[[ Recorded information open ]]

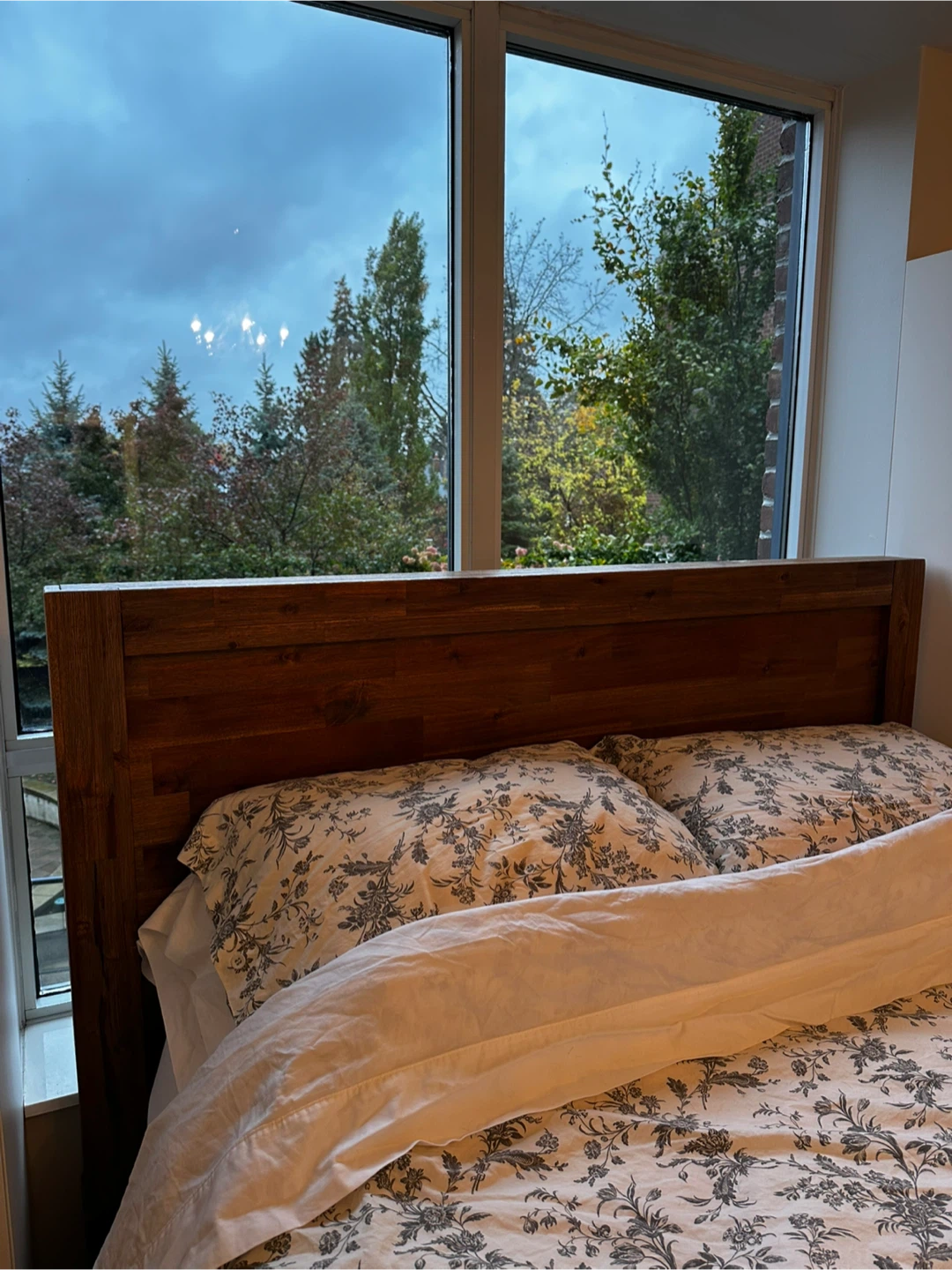 Wooden Queen Bed Frame with Storage Drawers - photo 3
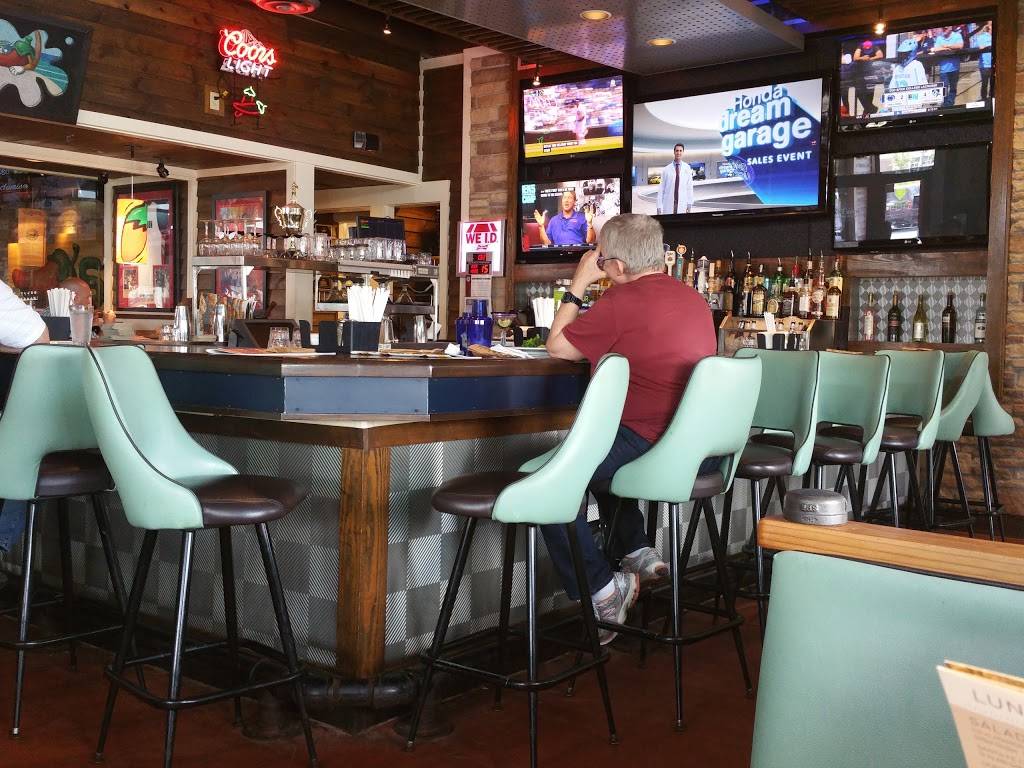 Chilis Grill & Bar | restaurant | 1240 E Main St, Carbondale, IL 62902, USA | 6185298083 OR +1 618-529-8083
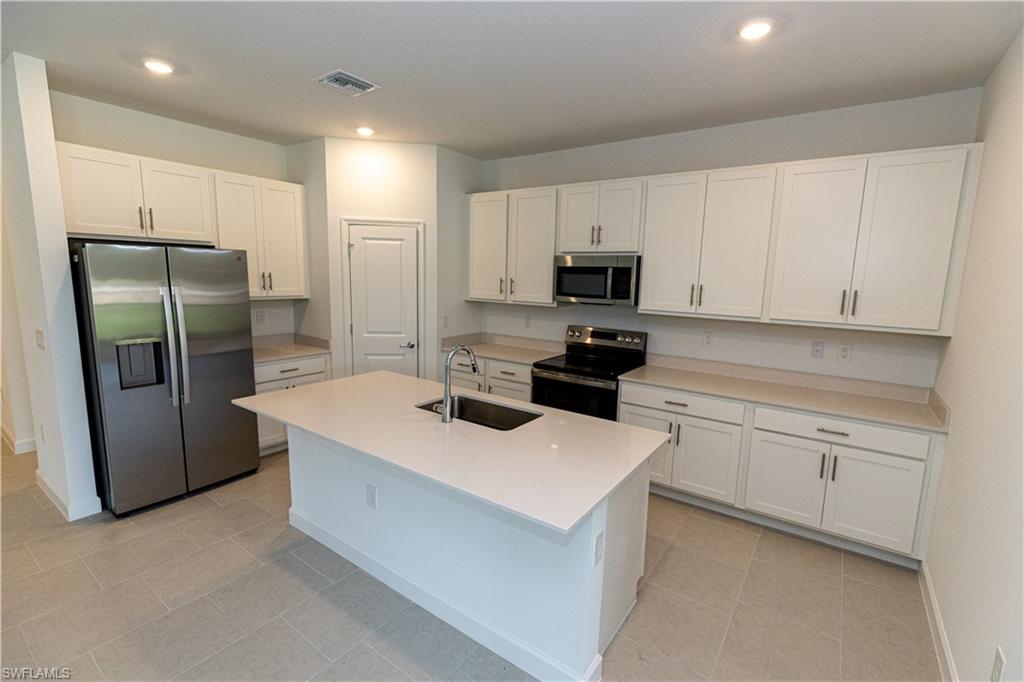 45126 Pipevine Cir Property Photo 7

[[ Recorded information closed ]]

**What you are asked to do**
Print the listing word for word, but omit the pictures.

**Written response**
 Wooden Queen Bed Frame with Storage Drawers - photo 3
 Chilis Grill & Bar | restaurant | 1240 E Main St, Carbondale, IL 62902, USA | 6185298083 OR +1 618-529-8083
 45126 Pipevine Cir Property Photo 7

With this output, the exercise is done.